Daughters as Coparceners
- The Hindu Succession Act, 1956 governed the succession and inheritance of property but only considered males legal heirs. This law applied to all except for Muslim, Christians, Jews and Parsis. Before 2005, the coparceners included only sons, grandsons, and great-grandsons who are holders of joint property.
- It was only in 2005 that Section 6 of the Act was amended which gave a daughter the right of a coparcener in their fathers' ancestral property.
- But since then there have various cases in which questions were raised whether the law applied retrospectively and if the rights of women depended on the living status of the father through whom they would inherit. Different benches of the Supreme Court had taken conflicting views on the issue and so did the High Courts.

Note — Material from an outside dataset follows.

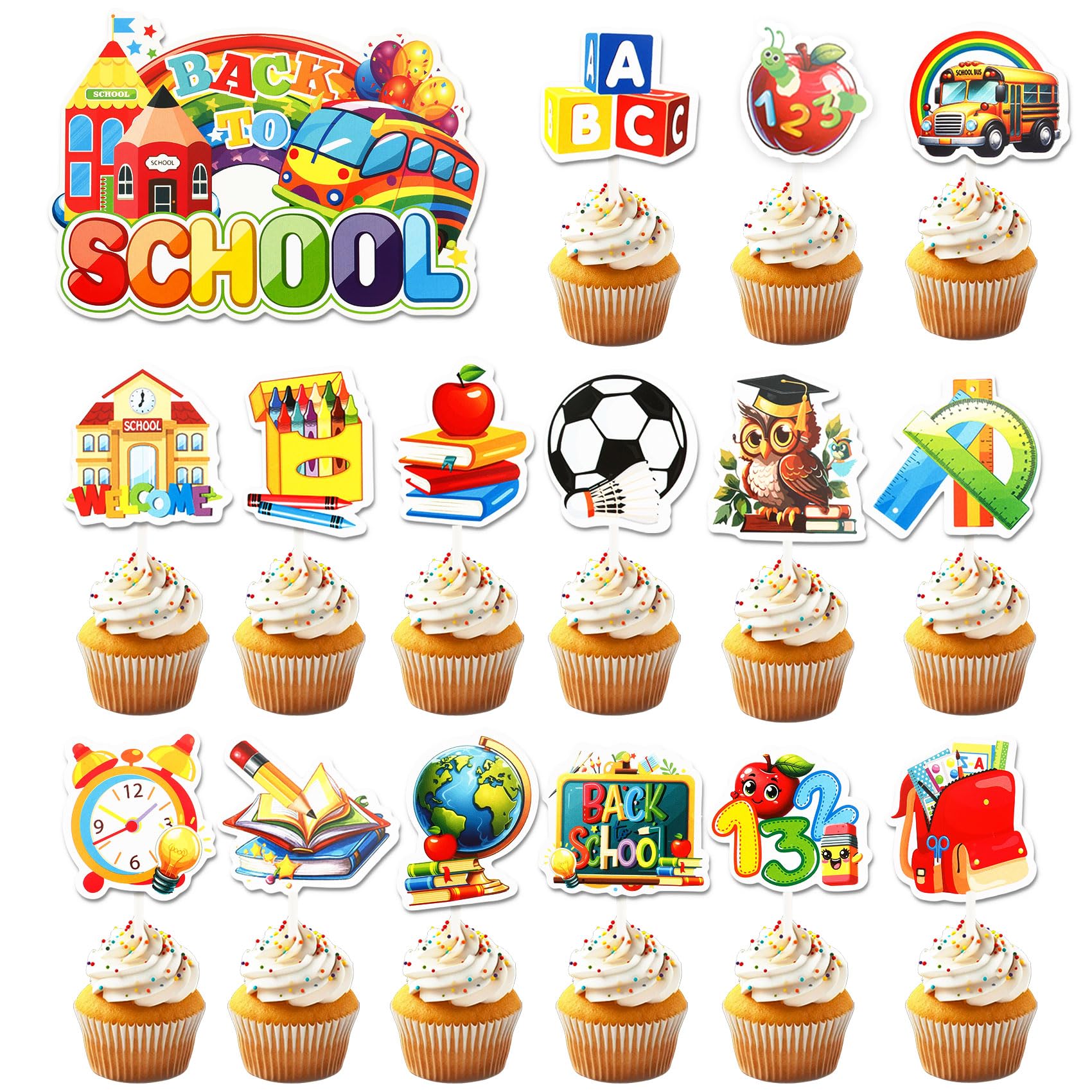 32Pcs Back To School Cupcake Toppers,Back To School Cake Decoration Flags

- On 11th August, a three-judge bench headed by Justice Arun Mishra ruled that a Hindu woman’s right to be a joint heir to the ancestral property is by birth and does not depend on whether her father was alive or not when the law was enacted in 2005.
- The Hindu succession act, 2005 recognised daughters as coparceners giving them light right as heirs just like a male heir would have.
- The Court decided the case by looking into the rights mentioned under the Mitakshara coparcenary. Since Section 6 creates an “unobstructed heritage” or a right created by birth for the daughter of the coparcener, the right cannot be limited by whether the coparcener is alive or dead when the right is operationalised.